In honor of April being National Poetry Month (as established by the Academy of American Poets in 1996), the 5-2 Crime Weekly continues its "Thirty Days of the Five-Two" this week. In addition to the usual Poems of the Week (most recently, "Prom Queen" by Tom Barlow), organizer Gerald So is encouraging readers to link to any Five-Two poems you enjoy on your social media.

CrimeReads continues its series of entertaining articles with a look at "The New Wave of California Crime Fiction," which looks at the intersection of race, class, gender, and community; and "10 Must-Read Crime-Fighting Duos," from Sherlock and Watson to Rizzoli and Isles.

Featured at the Page 69 Test this week: Three Hours in Paris by Cara Black, the first standalone spy thriller from the bestselling author of the Aimée Leduc series. In June of 1940, when Paris fell to the Nazis, Hitler spent a total of three hours in the City of Light—abruptly leaving, never to return.

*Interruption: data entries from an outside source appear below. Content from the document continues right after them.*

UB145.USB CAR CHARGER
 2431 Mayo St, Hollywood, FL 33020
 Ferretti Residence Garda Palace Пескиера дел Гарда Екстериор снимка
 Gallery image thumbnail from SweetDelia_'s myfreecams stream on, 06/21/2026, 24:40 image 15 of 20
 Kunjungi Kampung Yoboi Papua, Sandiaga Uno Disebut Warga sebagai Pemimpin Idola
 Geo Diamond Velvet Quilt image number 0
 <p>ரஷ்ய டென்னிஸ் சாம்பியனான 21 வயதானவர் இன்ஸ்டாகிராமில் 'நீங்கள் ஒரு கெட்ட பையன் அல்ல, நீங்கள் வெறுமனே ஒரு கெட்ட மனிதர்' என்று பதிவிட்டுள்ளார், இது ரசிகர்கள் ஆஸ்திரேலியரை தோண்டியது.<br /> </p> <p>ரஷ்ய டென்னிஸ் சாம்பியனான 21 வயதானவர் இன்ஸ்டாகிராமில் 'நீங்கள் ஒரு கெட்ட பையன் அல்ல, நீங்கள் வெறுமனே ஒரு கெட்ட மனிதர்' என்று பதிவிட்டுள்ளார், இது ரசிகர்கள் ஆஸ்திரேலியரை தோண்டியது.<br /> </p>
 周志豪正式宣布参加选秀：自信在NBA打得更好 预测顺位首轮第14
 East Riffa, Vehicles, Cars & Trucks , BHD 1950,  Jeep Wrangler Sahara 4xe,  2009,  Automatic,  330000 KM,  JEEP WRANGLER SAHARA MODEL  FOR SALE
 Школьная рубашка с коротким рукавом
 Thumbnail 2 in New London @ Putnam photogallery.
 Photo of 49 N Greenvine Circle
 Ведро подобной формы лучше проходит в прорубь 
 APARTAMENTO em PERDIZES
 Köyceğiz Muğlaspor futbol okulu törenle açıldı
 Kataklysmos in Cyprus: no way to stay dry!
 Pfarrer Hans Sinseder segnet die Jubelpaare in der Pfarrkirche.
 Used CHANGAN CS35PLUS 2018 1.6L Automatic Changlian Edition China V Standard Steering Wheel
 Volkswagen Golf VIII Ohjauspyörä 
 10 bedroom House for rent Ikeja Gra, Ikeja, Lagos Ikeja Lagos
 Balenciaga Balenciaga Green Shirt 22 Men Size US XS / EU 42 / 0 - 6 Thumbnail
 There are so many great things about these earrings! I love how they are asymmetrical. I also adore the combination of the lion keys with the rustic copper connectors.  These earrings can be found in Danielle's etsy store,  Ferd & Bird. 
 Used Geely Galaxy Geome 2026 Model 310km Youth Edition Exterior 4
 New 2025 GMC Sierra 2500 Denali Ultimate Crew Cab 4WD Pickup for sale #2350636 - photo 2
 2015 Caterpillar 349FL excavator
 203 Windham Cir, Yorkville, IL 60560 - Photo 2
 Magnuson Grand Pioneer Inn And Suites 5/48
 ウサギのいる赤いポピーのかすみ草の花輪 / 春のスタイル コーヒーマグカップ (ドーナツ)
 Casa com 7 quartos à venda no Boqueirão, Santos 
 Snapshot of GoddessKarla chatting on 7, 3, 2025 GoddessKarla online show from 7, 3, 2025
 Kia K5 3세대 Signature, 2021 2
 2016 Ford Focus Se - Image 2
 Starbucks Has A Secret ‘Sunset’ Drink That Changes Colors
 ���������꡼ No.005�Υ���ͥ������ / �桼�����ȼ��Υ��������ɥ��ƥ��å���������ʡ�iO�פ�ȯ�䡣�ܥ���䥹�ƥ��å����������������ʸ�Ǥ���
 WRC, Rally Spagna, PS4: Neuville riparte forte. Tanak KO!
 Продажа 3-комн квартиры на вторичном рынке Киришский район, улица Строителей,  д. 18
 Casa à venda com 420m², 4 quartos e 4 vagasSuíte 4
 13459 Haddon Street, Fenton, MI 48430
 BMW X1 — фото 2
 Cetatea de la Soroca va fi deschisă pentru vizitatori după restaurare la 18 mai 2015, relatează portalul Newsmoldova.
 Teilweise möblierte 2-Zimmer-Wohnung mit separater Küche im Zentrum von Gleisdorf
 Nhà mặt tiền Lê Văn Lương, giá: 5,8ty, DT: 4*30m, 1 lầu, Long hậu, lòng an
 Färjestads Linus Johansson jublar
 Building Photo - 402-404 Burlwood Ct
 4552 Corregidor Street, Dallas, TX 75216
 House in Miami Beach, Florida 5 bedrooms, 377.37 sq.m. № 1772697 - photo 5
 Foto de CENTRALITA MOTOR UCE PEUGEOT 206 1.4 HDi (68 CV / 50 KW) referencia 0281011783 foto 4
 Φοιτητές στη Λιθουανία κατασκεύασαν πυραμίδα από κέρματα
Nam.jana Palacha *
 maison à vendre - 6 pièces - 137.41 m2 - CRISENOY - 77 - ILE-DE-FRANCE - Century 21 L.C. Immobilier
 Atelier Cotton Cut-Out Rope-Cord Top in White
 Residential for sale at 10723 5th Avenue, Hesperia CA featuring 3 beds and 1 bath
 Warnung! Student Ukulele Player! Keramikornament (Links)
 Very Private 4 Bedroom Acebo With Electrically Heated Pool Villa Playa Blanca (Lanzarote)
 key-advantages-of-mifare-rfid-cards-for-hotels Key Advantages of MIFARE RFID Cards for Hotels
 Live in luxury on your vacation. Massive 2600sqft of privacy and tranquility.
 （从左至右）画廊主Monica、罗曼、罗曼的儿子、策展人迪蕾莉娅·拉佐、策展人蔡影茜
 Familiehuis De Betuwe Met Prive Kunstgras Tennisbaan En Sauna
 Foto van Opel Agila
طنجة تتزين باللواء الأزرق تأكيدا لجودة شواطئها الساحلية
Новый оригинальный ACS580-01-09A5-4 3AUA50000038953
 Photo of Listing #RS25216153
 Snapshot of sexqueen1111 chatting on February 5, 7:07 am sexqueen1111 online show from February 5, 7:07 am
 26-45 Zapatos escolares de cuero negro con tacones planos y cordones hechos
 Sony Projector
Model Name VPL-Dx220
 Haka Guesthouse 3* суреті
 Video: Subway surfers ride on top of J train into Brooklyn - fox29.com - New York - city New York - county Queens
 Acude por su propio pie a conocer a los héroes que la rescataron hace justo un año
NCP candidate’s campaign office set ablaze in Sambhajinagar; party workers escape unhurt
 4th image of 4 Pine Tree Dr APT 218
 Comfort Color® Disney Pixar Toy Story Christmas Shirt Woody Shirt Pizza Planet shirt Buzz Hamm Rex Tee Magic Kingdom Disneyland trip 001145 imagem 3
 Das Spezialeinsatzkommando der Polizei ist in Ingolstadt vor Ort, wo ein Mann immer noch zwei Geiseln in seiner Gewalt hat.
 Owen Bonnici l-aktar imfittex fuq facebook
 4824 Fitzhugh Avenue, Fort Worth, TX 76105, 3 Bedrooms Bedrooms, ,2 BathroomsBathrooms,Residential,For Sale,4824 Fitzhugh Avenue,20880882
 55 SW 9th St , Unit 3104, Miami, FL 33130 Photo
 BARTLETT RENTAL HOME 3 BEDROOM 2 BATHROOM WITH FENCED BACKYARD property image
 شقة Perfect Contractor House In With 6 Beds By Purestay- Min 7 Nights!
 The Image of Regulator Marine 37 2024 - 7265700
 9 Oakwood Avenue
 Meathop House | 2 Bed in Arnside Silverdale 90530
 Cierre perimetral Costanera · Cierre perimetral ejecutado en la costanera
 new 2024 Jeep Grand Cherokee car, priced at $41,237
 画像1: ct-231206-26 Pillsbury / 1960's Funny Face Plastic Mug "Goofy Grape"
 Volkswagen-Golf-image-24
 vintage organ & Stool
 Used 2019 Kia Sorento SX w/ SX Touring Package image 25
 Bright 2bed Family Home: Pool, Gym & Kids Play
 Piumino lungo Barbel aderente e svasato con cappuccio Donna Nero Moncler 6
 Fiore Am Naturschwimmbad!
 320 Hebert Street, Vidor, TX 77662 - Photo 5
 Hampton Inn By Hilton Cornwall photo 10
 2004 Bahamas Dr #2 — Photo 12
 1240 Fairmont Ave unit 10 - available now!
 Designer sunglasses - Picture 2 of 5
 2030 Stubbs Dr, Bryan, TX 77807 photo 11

To this day, no one knows why, but Black reimagines history in her pulse-pounding tale of one young woman with the temerity—and drive—to take on Hitler himself.

In the Q&A roundup, Gerald So (of the Five-Two Weekly crime poetry site and a former Short Mystery Fiction Society president) has been interviewing finalists for the Derringer Awards; Criminal Element's Book Series Binge continues with Kate Mosse on The Burning Chambers series; and over at the Writers Who Kill blog, E.B. Davis interviewed Edgar Award winner Art Taylor about his short stories and why he sets many of them in North Carolina.